Rabies has an incubation period of three to eight weeks in cats. Once signs show, cats will die within ten days, but usually in about seven days.
Should I Worry if I Got Bitten by a Stray Kitten?
Good general advice is to call your doctor and visit to get a vaccine. They will almost certainly want to give you a tetanus vaccine as well.
However, the odds of getting rabies from cats are incredibly low. Every day, people get bitten by kittens. An infection should be your primary concern. Cat bites are often unpleasant and necessitate antibiotics. Rabies is a concern, but it is a minor one, given that the cat was so young.
If the cat acted normally and showed no signs of the condition, this is not a cause for concern. You wouldn’t have rabies unless this cat was born from an extraordinarily unique chance of a mother who occurred to have rabies or has had an encounter with a rabies vector species.
Can you get rabies from a cat scratch?
People typically contract rabies from a rabid animal’s bite. However, in rare situations, individuals can contract rabies through non-bite exposures such as scratches, abrasions, or open wounds exposed to rabid animal saliva.

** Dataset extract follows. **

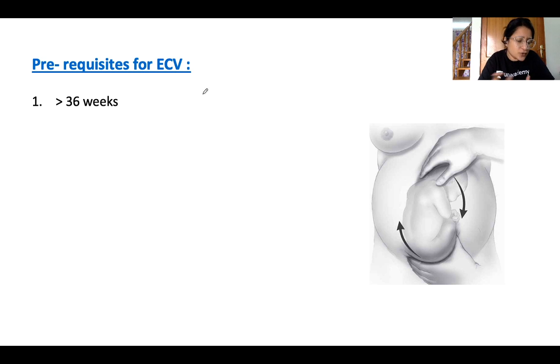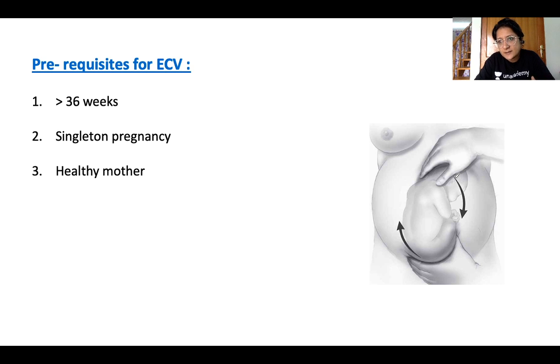It must be a singleton pregnancy — you cannot do it for multiple pregnancies; technically impossible to rotate two babies externally. The mother should be healthy with no antecedent high-risk factors like heart disease or preeclampsia. The baby should also be healthy — not already compromised, not having decreased blood flow, no deranged Doppler, no growth restriction — because during ECV the umbilical cord can get compressed as the baby moves, potentially leading to hypoxia.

It is commonly assumed that you can only become infected by bites, but this is not true – you can also become infected if an animal licks a wound or its saliva gets into a wound. In the case of cats, because they lick their paws and bodies, you can become infected if they scratch you or if you pet them with a wound on your hands.
How does rabies usually spread?
Rabies is a virus that is transmitted between mammals through saliva. It is spread through direct saliva contact with broken skin or mucous membranes in the nose, eyes, or mouth. It’s also possible to get infected by getting into direct contact with the brain/nervous system tissue of the infected animal.
Can a vaccinated cat get rabies?
If your pet had their vaccinations on schedule, they should be immune to infection. However, no vaccine is 100% protective. After exposure, the chance of rabies infection varies depending on the nature and intensity of that encounter.